I took three boxes of books to the local library to donate to their sale; I hope they can sell them.  I'm sending some scholarly editions to a grad student I know.

It's weird, these scholarly editions, mostly from the Renaissance Text or Medieval and Renaissance Text Societies.  They're incredible, and beautiful.  But they're not something I use a lot.  A few of them I do.  I use a George Herbert facsimile edition about once every other year, when I teach poetry.  And there are a few other editions I use, or just plain like.

They're one of those things that you really want your library to own (if you're at an R1 and have grad students), because the occasional grad student will find them useful, but unless the specific edition hits your needs, you probably don't need them.  But I didn't really get that when I joined the organization.  And I'm not sorry I joined, because I found various sorts of editions like this so useful when I was a grad student.

But in a way, EEBO and other on-line resources have solved immediate access problems for many people, though the editorial apparatus that makes these editions especially helpful at times isn't there.  For medievalists, EEBO is no help at all, so maybe the editions are still really useful?

I'm guessing there was about a hundred years where these editions were absolutely invaluable.  And now, maybe less so?

Do you folks find yourselves using scholarly editions of less well-known texts?


  1. All the time, but what I do, as a scholar, is study not-well-known texts. The Early English Text Society (not the Old English Sex Society---search my blog for that phrase to get the story) provides handsomely for my needs. It's the criticism, especially on Chaucer, that I'd like to get rid of.

  2. Do you mean specifically facsimile editions? These I use in my teaching and do find useful to some degree myself--it's just so much easier than EEBO!--but more likely for major authors (or the major-minor ones I work on) than minor ones, it's true.

    For scholarly editions as a whole, with their apparatus, variants, and so on--I need & use these all the time, when I'm lucky enough to have them. Maybe it's the era I was trained in, but I feel I can't make a credible argument about a text without being aware of its printed/MS history.

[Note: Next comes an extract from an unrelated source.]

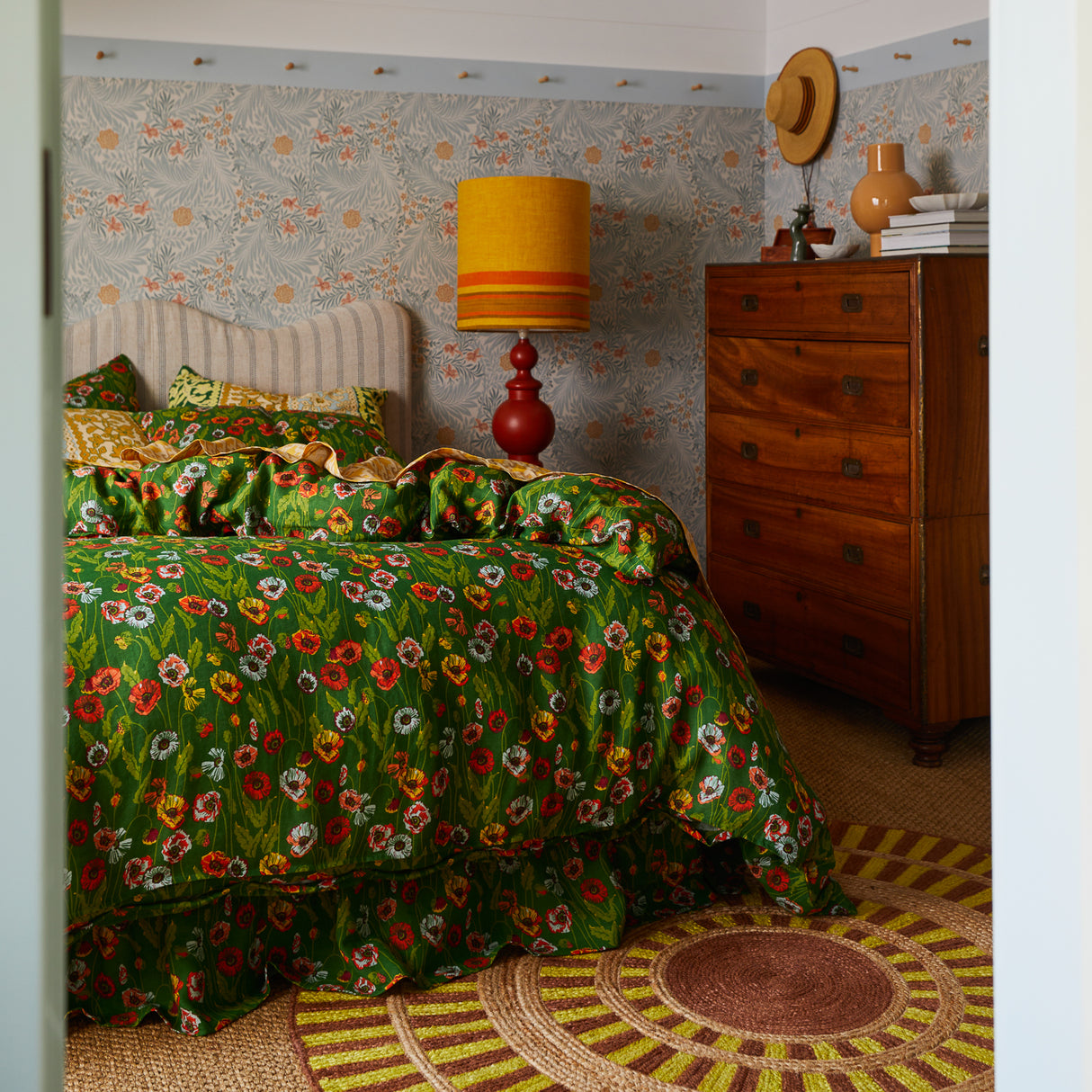 Delphine Linen Quilt Cover King Single/Double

    1. Yes, I was thinking of facsimile editions; I should have specified. Scholarly editions overall are, as you say, completely invaluable!

    2. Facsimile editions are a bit different for medievalists. I have, I think, three, of different complete manuscripts. I use one frequently for teaching, one frequently for research, and one, sorry to say, almost never, though I like having it because once in awhile it comes in handy for something. There are two more that I'm on-and-off considering for a project in the works, but as they're both available in LRU's library, I really don't need them. It would just be cool to have my own copies.